▶ **Your objective**:
Reprint each record exactly. Pictures are not reprinted.

▶ **Extracted information**:
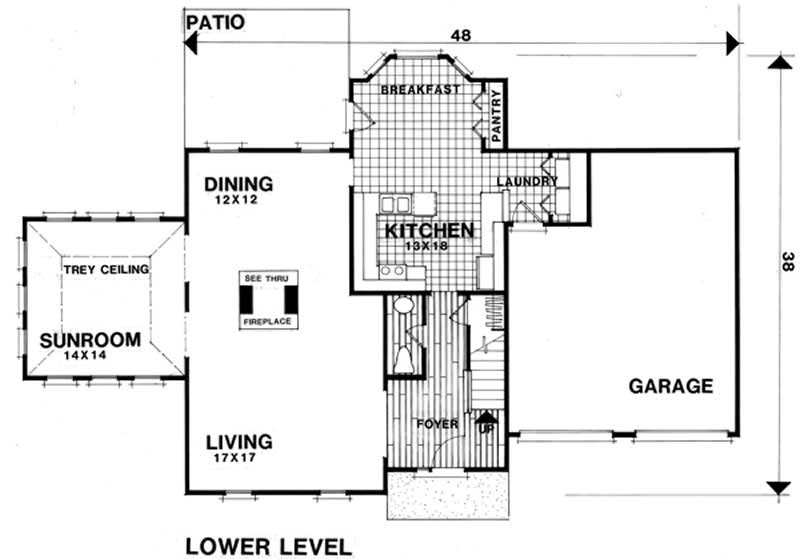 Floor Plan First Story of Colonial Plan #109-1097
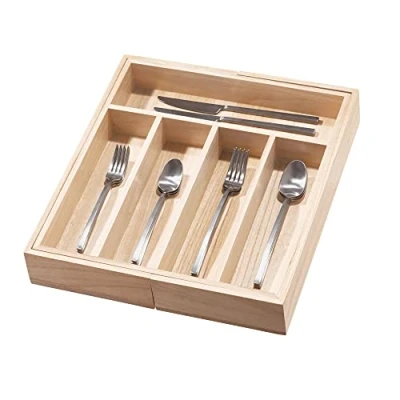 Image of iDesign EcoWood Kitchen Storage Tray, Expandable Utensil Holder Made of Paulownia Wood, Versatile Cutlery for Kitchens, Beige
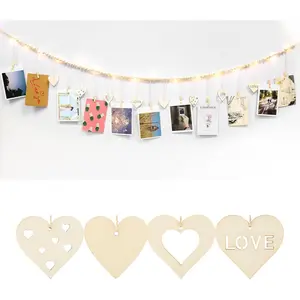 1 set of hanging photo display wall decoration, with heart-shaped pendant, clip and LED light, Bohemian style, suitable for bedroom, living room, office, room decoration, photo rack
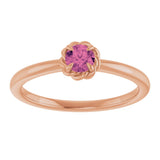 14K Gold Round Natural Pink Tourmaline Claw-Prong Rope Solitaire Ring - Rose Gold - view 3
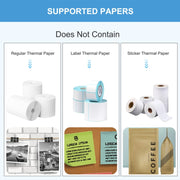 C17 Bluetooth Pocket Mini Label Printer Inkless Thermal Printer Wireless Photo Printer(White)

▶ **Answer section**:
 Floor Plan First Story of Colonial Plan #109-1097
 Image of iDesign EcoWood Kitchen Storage Tray, Expandable Utensil Holder Made of Paulownia Wood, Versatile Cutlery for Kitchens, Beige
 1 set of hanging photo display wall decoration, with heart-shaped pendant, clip and LED light, Bohemian style, suitable for bedroom, living room, office, room decoration, photo rack
 14K Gold Round Natural Pink Tourmaline Claw-Prong Rope Solitaire Ring - Rose Gold - view 3
 C17 Bluetooth Pocket Mini Label Printer Inkless Thermal Printer Wireless Photo Printer(White)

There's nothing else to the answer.